= Your goal =
Wherever "pour" turns up in a line of the entries below, that line counts. Say how many such lines there are, with no other words.

[Stored items]
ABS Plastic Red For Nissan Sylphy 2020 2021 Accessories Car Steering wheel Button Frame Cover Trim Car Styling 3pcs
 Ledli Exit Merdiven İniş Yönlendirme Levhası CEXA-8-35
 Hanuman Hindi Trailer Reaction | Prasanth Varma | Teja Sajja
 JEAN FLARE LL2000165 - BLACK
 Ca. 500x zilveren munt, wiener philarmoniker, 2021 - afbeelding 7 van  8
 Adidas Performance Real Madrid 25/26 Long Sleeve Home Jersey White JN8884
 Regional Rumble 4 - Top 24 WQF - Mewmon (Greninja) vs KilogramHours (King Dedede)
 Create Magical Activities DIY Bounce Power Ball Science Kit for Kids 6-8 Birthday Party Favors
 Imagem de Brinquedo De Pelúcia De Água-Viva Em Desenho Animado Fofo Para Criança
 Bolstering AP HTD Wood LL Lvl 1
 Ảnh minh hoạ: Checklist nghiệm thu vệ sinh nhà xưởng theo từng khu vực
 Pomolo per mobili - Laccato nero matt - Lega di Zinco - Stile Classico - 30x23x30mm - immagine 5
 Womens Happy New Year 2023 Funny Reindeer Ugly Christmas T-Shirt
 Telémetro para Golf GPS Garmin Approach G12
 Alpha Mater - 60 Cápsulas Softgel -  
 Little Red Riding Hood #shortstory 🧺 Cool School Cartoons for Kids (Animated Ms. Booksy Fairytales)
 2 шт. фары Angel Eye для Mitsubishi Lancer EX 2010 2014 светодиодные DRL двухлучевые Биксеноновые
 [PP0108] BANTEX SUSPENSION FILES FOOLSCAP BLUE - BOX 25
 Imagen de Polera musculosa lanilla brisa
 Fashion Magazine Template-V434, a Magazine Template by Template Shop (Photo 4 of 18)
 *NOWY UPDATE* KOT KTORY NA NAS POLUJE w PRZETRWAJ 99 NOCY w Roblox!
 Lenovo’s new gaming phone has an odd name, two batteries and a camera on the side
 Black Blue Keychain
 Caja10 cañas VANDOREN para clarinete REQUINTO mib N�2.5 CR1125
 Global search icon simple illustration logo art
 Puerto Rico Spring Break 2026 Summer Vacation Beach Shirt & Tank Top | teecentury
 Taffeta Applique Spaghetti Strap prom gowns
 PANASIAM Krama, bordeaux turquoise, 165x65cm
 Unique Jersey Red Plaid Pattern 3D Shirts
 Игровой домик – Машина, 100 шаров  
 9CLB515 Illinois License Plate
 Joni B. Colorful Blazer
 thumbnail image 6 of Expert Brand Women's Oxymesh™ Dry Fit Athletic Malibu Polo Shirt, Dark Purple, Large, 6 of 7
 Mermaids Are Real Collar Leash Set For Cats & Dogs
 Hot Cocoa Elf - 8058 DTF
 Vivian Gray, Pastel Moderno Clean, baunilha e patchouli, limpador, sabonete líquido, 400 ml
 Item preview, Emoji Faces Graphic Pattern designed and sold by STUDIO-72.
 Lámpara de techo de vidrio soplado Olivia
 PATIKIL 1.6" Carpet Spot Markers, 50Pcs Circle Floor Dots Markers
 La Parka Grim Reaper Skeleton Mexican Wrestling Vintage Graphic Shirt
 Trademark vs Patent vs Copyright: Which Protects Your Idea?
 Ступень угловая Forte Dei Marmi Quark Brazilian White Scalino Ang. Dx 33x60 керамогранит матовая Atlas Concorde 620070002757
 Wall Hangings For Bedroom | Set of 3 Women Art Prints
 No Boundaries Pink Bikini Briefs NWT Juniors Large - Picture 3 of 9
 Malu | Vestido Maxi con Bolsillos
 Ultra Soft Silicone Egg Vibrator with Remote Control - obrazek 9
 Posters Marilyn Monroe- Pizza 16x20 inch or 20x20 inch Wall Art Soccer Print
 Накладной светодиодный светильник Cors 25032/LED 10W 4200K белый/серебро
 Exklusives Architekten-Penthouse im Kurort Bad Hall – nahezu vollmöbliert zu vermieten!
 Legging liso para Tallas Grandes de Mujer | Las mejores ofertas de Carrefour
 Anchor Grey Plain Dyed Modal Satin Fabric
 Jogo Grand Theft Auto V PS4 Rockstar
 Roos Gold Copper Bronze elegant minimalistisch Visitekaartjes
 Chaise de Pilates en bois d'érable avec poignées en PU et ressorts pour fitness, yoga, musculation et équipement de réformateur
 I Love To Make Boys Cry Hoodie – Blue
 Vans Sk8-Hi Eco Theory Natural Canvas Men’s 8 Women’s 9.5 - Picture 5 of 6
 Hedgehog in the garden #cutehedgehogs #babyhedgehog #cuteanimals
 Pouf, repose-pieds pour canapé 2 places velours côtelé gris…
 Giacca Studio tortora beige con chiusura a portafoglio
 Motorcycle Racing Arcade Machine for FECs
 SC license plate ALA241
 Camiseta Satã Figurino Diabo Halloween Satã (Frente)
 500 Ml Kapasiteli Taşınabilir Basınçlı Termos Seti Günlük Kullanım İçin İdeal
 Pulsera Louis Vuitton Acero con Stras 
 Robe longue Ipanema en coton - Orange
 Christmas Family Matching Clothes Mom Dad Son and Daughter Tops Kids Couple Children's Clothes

= Reply =
2